CARY — It’s finally here, in all its camouflage glory.
Bass Pro Shops Sportman’s Center is set to open to the public on Wednesday evening, promising all the fishing rods and hunting gear a lover of the outdoors could desire.
There’s been plenty of excitement since the retailer announced a year ago that it would build a store in Harrison Square shopping center. Bass Pro Shops have been known to attract customers who are willing to drive far to get there.
But some Cary leaders say the 105,000-square-foot store is more than a tourist draw: It’s also helping to revitalize an aging shopping center off of Harrison Avenue.
Mayor Harold Weinbrecht said he made no secret of that when he talked to the store’s managers last month.
“I said it’s an excellent location, and not only that, you’re really helping the area because that shopping plaza needed you to be there,” Weinbrecht said.
Seven businesses have signed leases at Harrison Square since Bass Pro Shops announced it was moving in, said Nate Cretarolo with GFD Management, which oversees the property.
New tenants will include western-wear store Country Connection, restaurants and a furniture store, Cretarolo said.
Sherman Dye plans to open a Tropical Smoothie Cafe in the plaza this spring. When he heard Bass Pro Shops was coming, he knew that’s where he wanted to be.
“It’s an aging center,” Dye said of Harrison Square. “If they had not been there, we probably would not have paid much attention to it.”
Town leaders have said they want to focus on breathing new life into older shopping centers around Cary. Finding a new draw for a plaza can be an alternative to demolition.
Bass Pro Shops is replacing Carolina Pottery, which was the anchor tenant for years at Harrison Square.
The plaza was built in 1989, said Ricky Barker, assistant planning director for Cary. A Sam’s Club was at the site before Carolina Pottery, he said.

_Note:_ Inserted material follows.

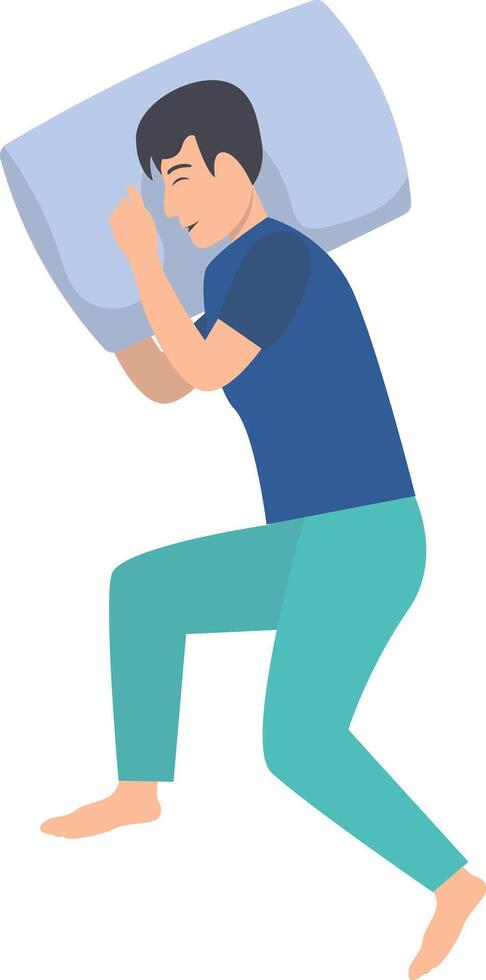 Male Sleeping Pose Illustration with Flat Design vector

The shopping center features fast-food restaurants and several small businesses. Across the street, The Arboretum at Weston is newer, with some high-end retailers and restaurants such as Ruth’s Chris Steak House and Bonefish Grill.
Weinbrecht said he thinks Bass Pro’s presence will boost business in the entire area, maybe even stretching into downtown Cary.
Bass Pro Shops stores tend to be “very beneficial” to surrounding businesses, said Anita Bumgarner, general manager of the Cary store.
The company attracts youth groups, conservation groups and others who show up for fishing and hunting seminars. As a result, surrounding businesses are likely to see more foot traffic.
“We feel we’ve got a good location to catch people going to the beach or coming home,” Bumgarner said, referring to the store’s proximity to Interstate 40. “Maybe we’ll even revitalize the area. We encourage our customers to visit our neighboring partners.”
Weinbrecht said he knew the store was a big deal when he got a phone call from a stranger in Rocky Mount following the announcement.
“He was in tears,” Weinbrecht said. “He was so happy a Bass Pro Shops was coming to Cary.”
And while a big-name retailer likely won’t come to every aging shopping center in town, Weinbrecht said he hopes some other plazas will see a similar rebirth.
Staff writer Paul A. Specht contributed to this report.